# RDD Lab

In this lab, we will be working with data from [Libraries.io](http://Libraries.io), a package manager aggregator. Our data consist of two files, one detailing packages and package managers, the other detailing the code repositories the packages are developed in. 

The data is stored as csv files, so to get started import the needed Python packages and read in the data

In [None]:
import csv
from io import StringIO

In [None]:
text = spark.sparkContext.textFile("hdfs:///data/projects-1.0.0-2017-06-15.csv")

Verify the data was read in correctly using take.

You may have noticed that what we read in is a list of strings. Further more, the first string appears to a column headers. 

In the next cell we are going to split each string into a tuple. We have done this step for you, but make sure you can understand what the code below is doing.

In [None]:
data = text.map(lambda x: tuple(next(csv.reader(StringIO(x)))))

Now that we have split each line into tuples, we need to remove the first row, which isn't actually part of the data. 

To do this, use the `filter` function and write a lambda that checks if the first element of the tuple is **not** "ID"

In [None]:
data =

Once again, use take to look at the format the data is now in

The rest of the lab consists of answering questions about the data. 

### How many packages are accounted for in this dataset?

Hint: Use `count`

### What package managers are included in the data?

The package manager is the second element in each tuple in the RDD, and can be accseed using `tuple[1]`

Hint: Extract the package manager names using `map` and then use `distinct`

In [None]:
managers = 

View the results using `collect`

### What package has the higest SourceRank?

SourceRank is Libraries.io measure that combines popularity as well as how well maintained the packages is, along with a few other factors

We've done this one for you to show you a unique way to use Python's built in `max` function.

By supplying a key to the `max` function we can compare two tuples using a sepcific element in that tuple. In this case we are comparing source rank, which we can access at the 11th position.

In [None]:
data.reduce(lambda x,y: max(x,y,key=lambda tup: int(tup[11])))

### What is the most frequent dependency per package manager?

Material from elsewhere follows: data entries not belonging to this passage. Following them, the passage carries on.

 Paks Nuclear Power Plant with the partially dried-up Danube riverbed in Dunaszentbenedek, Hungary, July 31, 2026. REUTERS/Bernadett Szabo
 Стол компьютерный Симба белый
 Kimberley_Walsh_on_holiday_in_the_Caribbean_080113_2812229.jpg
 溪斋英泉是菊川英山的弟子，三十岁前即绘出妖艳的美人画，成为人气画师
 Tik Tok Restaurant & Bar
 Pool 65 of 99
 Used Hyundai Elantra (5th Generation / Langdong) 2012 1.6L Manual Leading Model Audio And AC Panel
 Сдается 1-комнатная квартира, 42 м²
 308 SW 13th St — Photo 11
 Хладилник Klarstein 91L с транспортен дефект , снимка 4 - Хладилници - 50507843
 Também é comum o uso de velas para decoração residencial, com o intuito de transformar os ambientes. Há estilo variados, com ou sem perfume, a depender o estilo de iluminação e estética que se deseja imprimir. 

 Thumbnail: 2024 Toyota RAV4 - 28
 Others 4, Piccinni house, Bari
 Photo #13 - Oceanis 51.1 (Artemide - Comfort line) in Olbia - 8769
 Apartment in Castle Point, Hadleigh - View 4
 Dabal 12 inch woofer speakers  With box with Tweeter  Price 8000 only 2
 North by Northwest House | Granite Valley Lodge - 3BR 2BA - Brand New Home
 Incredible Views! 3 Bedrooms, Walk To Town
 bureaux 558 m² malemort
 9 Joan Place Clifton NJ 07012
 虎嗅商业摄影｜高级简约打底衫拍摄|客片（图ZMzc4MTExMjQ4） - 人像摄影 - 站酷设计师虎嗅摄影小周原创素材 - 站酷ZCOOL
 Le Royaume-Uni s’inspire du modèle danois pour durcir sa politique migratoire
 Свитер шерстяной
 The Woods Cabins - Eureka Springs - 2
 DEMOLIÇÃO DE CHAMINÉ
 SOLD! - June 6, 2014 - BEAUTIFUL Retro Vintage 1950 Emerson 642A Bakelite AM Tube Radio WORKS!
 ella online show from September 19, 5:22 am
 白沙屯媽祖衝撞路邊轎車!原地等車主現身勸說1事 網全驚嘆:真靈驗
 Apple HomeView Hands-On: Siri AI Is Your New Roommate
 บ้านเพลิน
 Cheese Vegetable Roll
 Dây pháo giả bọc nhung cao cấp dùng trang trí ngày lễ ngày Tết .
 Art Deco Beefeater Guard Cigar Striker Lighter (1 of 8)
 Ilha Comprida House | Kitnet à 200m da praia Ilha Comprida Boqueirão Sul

To answer this question, let's break it down into smaller parts. 

First it is a good idea to change the RDD into a Pair RDD, using the package manager as the key. We have done this step for you.

In [None]:
package_manager_keys = data.map(lambda x: (x[1],x))

Next, use `reduceByKey` to find the most frequent dependency in each package manager.

Use the built in `max` function from Python, similiarly to as was done above. The element of the tuple you should be comparing on this time is `19`

In [None]:
popular_deps = 

Finally, use `map` again to select only the package manager, the package name, and the number of times it is listed as a dependency.

Remember, the RDD elements now have a form of

`(packageMananger, (packageMananger, packageName, .... )`

The packageName can be accessed using `tupleVar[1][2]` and the number of times it is a dependency can be acessed using `tupleVar[1][19]`.


In [None]:
reformatted = 

Now print the most popular dependencies using `collect`

### Who is the most proflific owner of packages per package manager?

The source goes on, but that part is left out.